#### [Instructions for the task]
What you output must match, exactly, the lines from the start of the records to the line containing "เมล็ดรุทรักษะ 8 หน้า", both ends kept and pictures excluded.

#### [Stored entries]
* * * * * * * * *

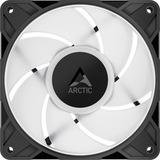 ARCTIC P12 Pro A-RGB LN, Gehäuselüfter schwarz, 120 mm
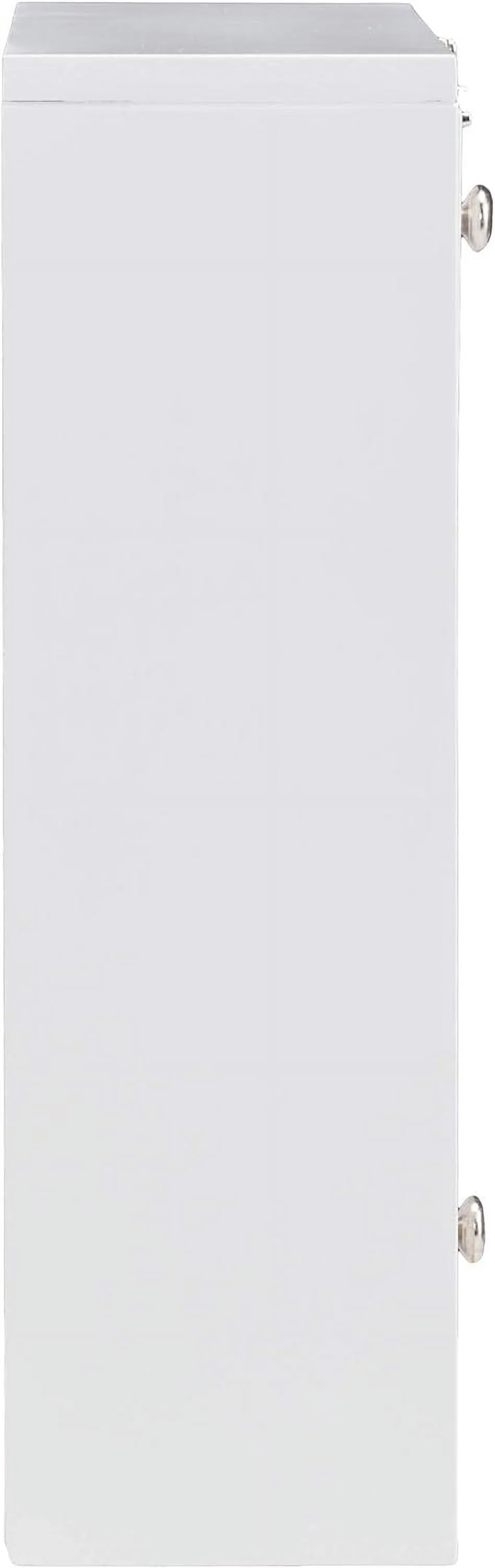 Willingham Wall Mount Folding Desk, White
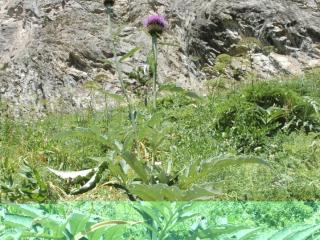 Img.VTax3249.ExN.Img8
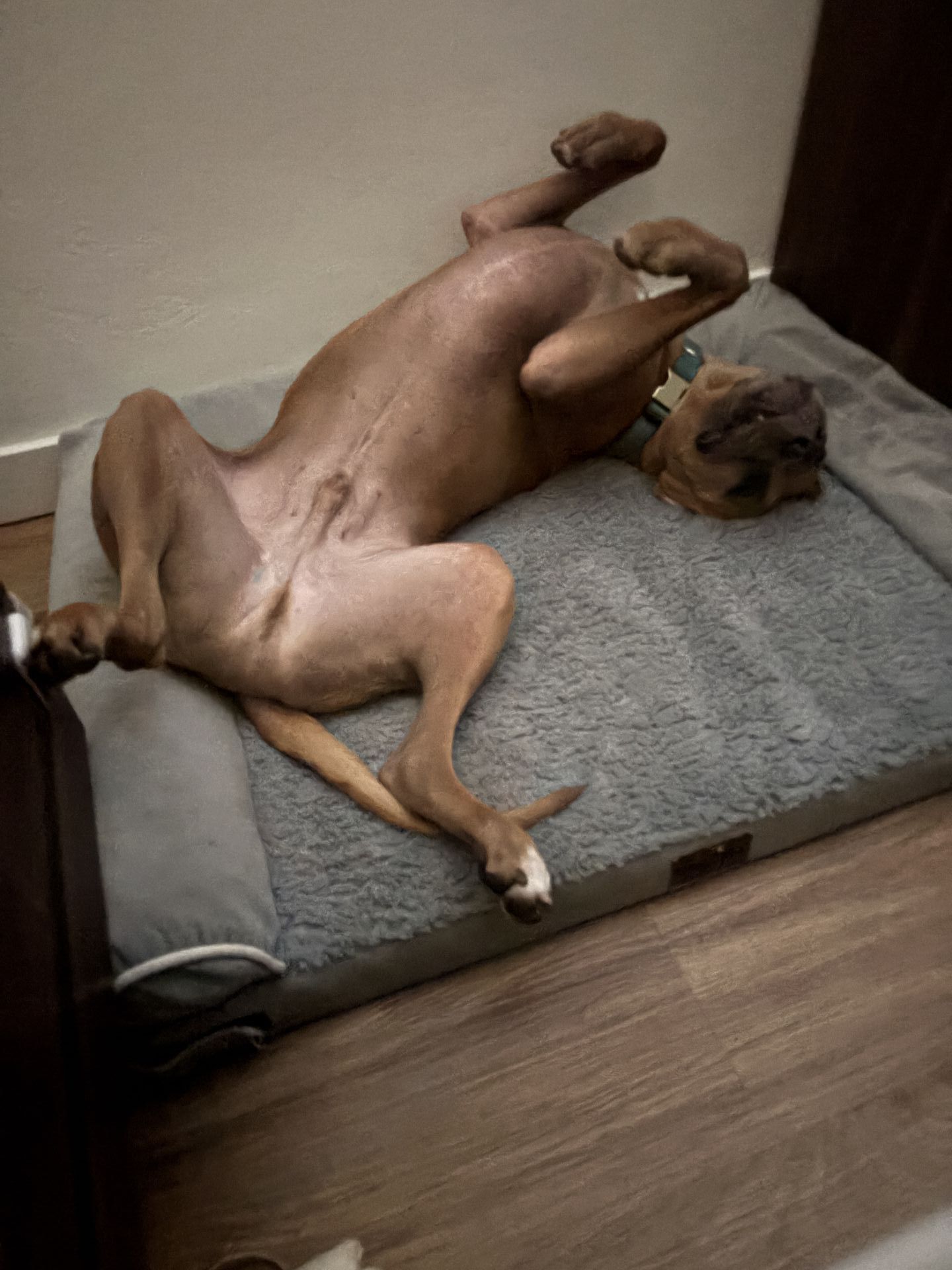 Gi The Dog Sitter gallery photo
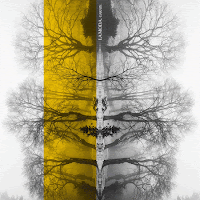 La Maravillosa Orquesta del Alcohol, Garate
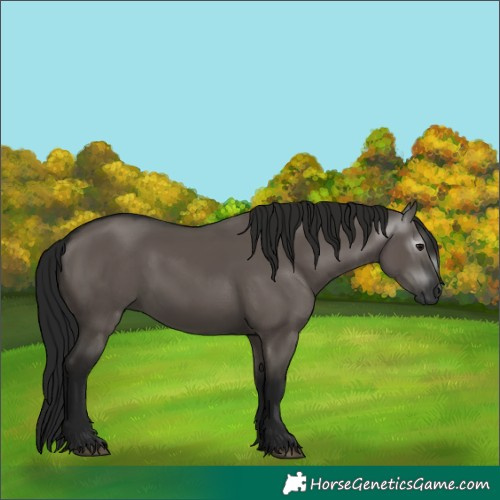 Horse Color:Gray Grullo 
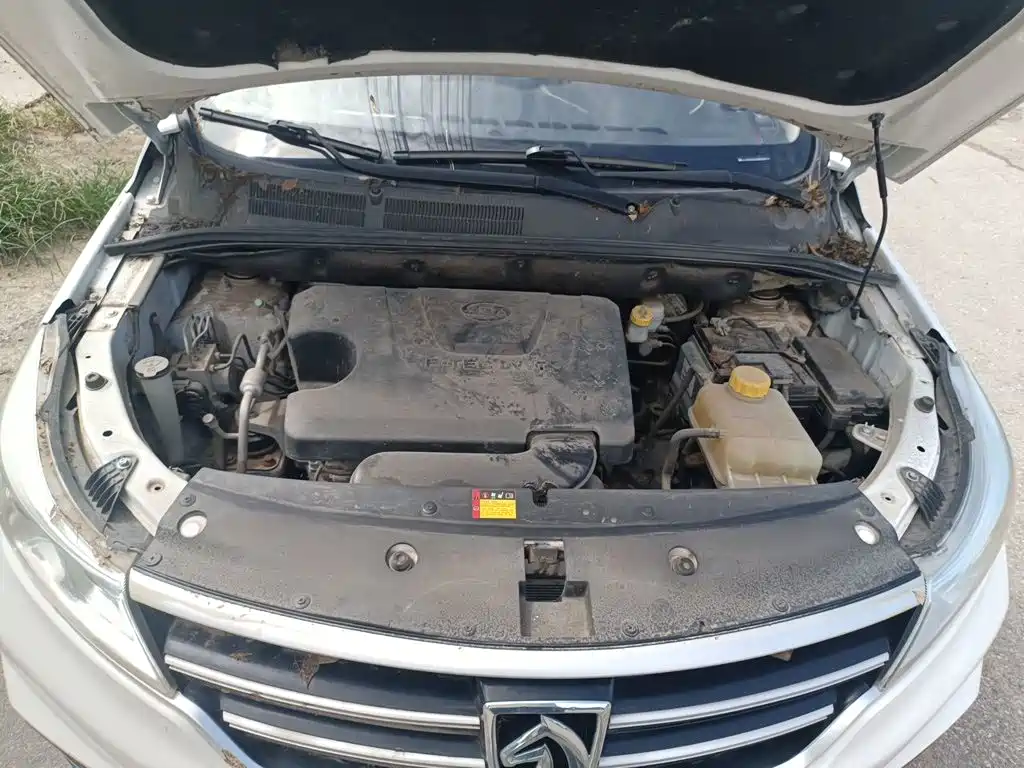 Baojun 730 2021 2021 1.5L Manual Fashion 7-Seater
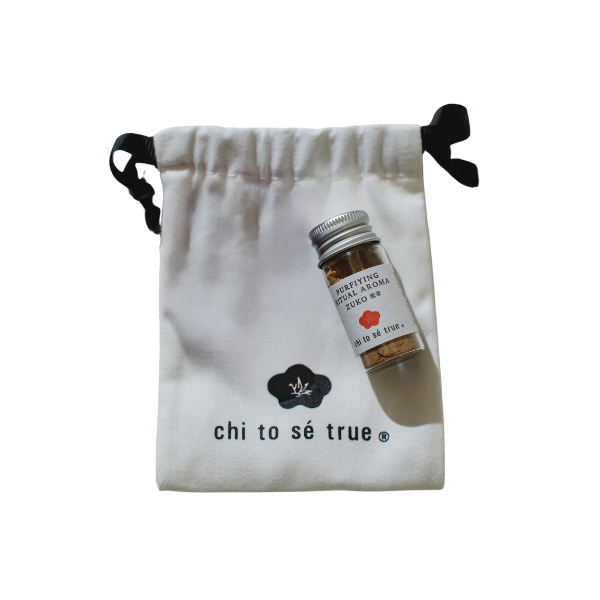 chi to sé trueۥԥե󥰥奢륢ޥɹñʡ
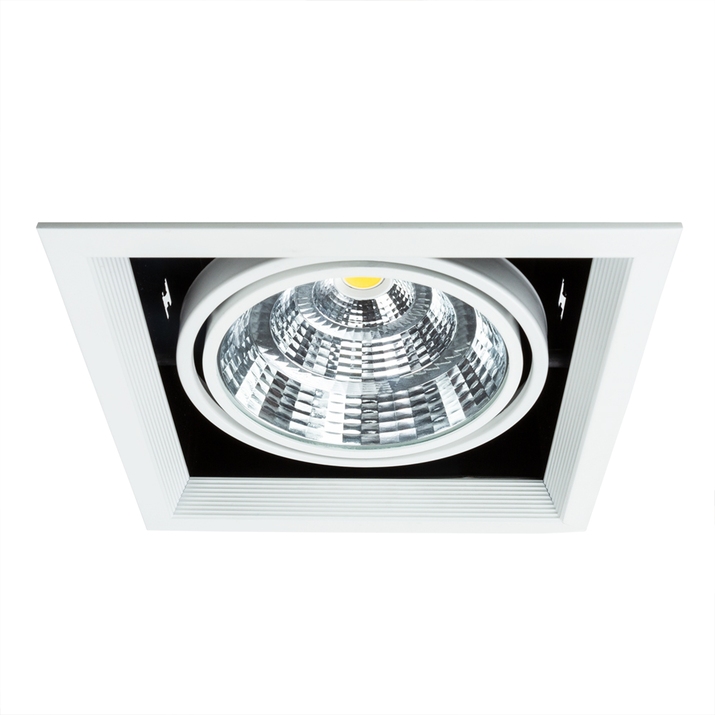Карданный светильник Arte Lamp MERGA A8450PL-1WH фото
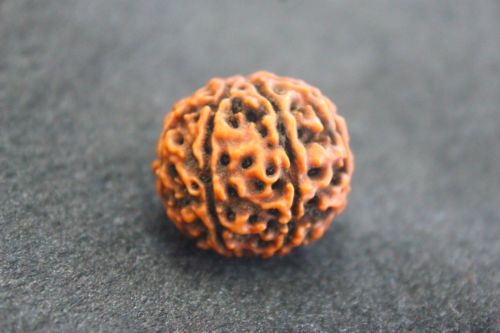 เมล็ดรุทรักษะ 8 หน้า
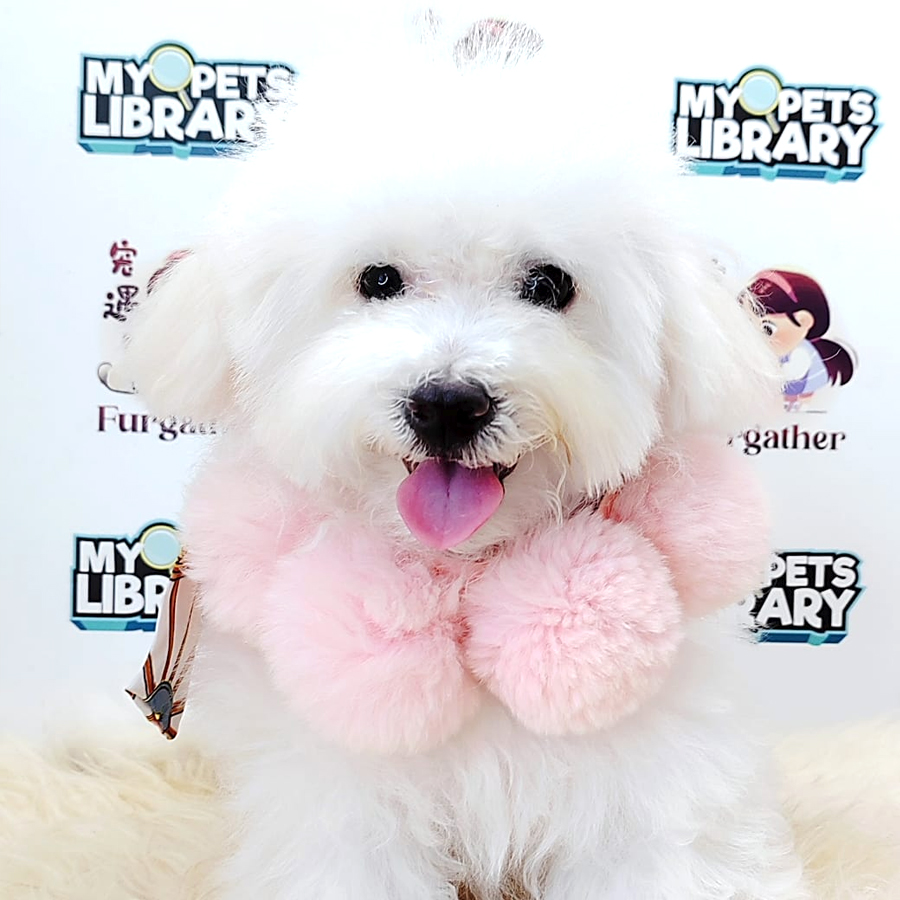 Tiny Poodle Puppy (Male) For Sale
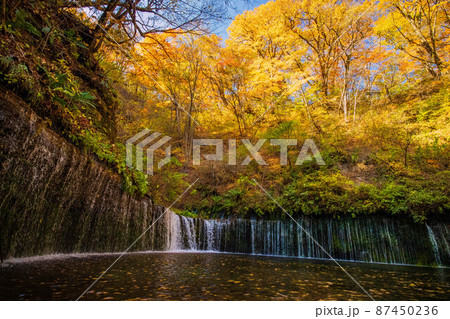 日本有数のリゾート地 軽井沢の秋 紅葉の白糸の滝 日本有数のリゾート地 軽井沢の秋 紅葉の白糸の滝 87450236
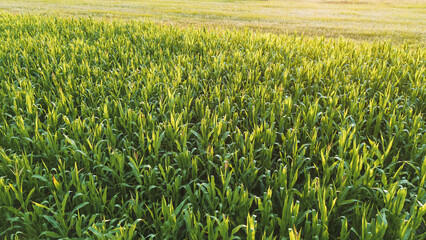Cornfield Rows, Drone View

* * * * * * * * *

#### [Task solution]
 ARCTIC P12 Pro A-RGB LN, Gehäuselüfter schwarz, 120 mm
 Willingham Wall Mount Folding Desk, White
 Img.VTax3249.ExN.Img8
 Gi The Dog Sitter gallery photo
 La Maravillosa Orquesta del Alcohol, Garate
 Horse Color:Gray Grullo 
 Baojun 730 2021 2021 1.5L Manual Fashion 7-Seater
 chi to sé trueۥԥե󥰥奢륢ޥɹñʡ
Карданный светильник Arte Lamp MERGA A8450PL-1WH фото
 เมล็ดรุทรักษะ 8 หน้า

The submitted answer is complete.